In 1 Corinthians 15, perhaps the most definitive chapter on this issue, Paul says of Jesus “that he was buried, that he was raised on the third day in accordance with the Scriptures, and that he appeared to Cephas, then to the twelve. Then he appeared to more than five hundred brothers at one time, most of whom are still alive, though some have fallen asleep” (verses 4-6). In a modern-day court trial, if five hundred witnesses testified of one accord, the judge and jury would have no doubt. That number is unbelievably large. Jesus provided plenty of eyewitnesses to ensure his credibility.
Not only that, but the first people Jesus appeared to after his resurrection were women (Matthew 28, John 20). In Israel in the first century, women had very, very little legal status, and their testimony would be worthless. If the whole thing had been some sort of elaborate hoax, would not the conspirators have desired to keep these low-ranking witnesses as far from the scene as possible to preserve their credibility?
Not to mention that when Jesus was arrested, his followers turned tail and ran (Matt. 26:56b). These were fishermen (poor by default) and tax collectors (universally despised), and every one of them showed himself a coward and deserter the night their master was betrayed and arrested. Yet only a couple of weeks later, these same men came bursting from a dark house and began to shout the triumphant resurrection of Christ to thousands assembled in Jerusalem (basically the first half of the book of Acts.) Something happened in between, something that gave courage to a handful of timid men.
It is commonly touted that the tomb was empty because the disciples stole the body of Jesus and disposed of it while they heralded a lie that their master was actually alive. Simply looking at the Scriptures, it is obvious that these men would not have done this. Based on their personalities alone, and adding to that the fact that the Pharisees and Pilate set armed guards, a seal, and a massive stone outside the tomb, there is just no way the disciples would or could have stolen Jesus’ body.

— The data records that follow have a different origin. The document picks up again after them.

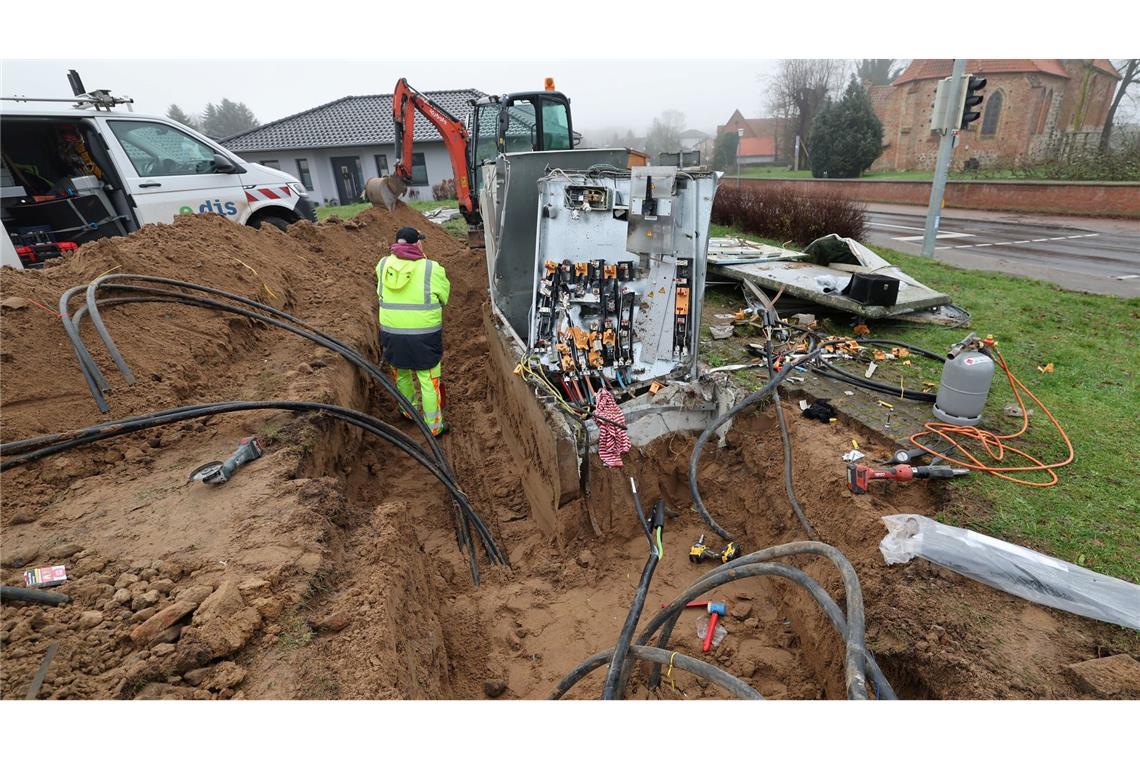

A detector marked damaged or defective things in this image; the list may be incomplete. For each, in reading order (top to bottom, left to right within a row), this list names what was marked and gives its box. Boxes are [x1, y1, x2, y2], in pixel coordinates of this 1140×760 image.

damaged electrical cabinet [481, 151, 720, 537]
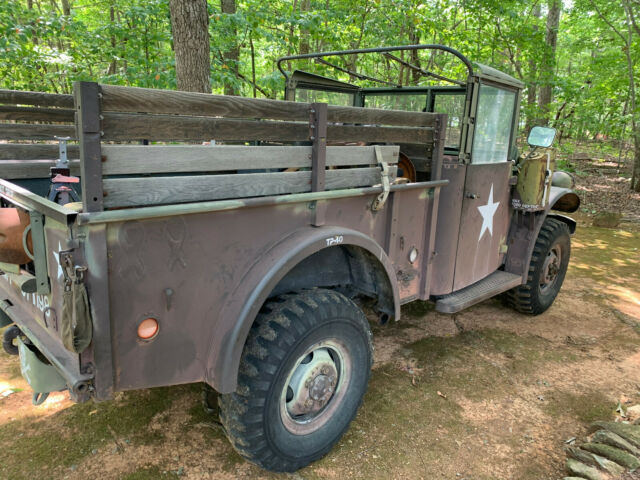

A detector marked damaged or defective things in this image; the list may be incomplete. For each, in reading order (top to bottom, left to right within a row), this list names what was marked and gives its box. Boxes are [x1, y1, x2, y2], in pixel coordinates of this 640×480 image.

rusted metal panel [430, 163, 464, 294]
rusted metal panel [452, 161, 512, 290]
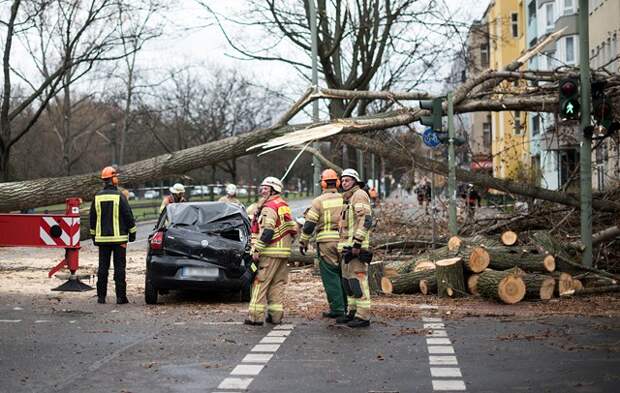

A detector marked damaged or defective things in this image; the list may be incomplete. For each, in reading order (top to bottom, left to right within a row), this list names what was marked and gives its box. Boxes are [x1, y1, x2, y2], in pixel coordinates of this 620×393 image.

damaged car [145, 202, 252, 304]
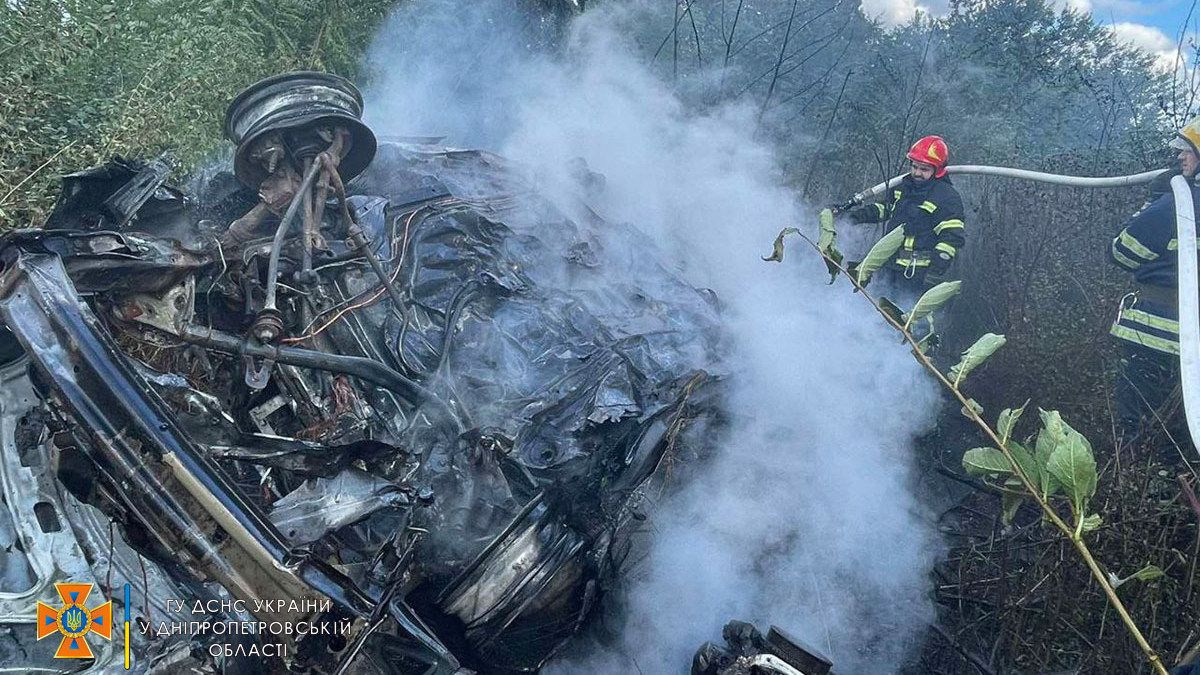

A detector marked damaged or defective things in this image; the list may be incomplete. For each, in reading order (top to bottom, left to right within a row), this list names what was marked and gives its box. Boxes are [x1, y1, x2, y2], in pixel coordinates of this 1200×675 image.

destroyed vehicle [0, 71, 720, 672]
charred debris [0, 72, 824, 675]
burned car wreck [0, 74, 824, 675]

A later look into history shows us that these inconsequential, cowardly men all died horrific deaths when they refused to denounce their faith and their testimonies. From there, their followers refused to recant as well. This begs the question: if they had simply stolen a body and were being threatened with being crucified upside down or skinned alive, why in the world would they stick to that story? Only a lunatic would die for something like that. No, the Scriptures must speak true when they say Jesus is risen, or these men would have been unwilling to die.
Christ’s resurrection is the foundation of the Christian faith. Without it, there can be no salvation. As Easter approaches, we remember that there is hope because of the truth of the resurrection. Remember: He is risen indeed.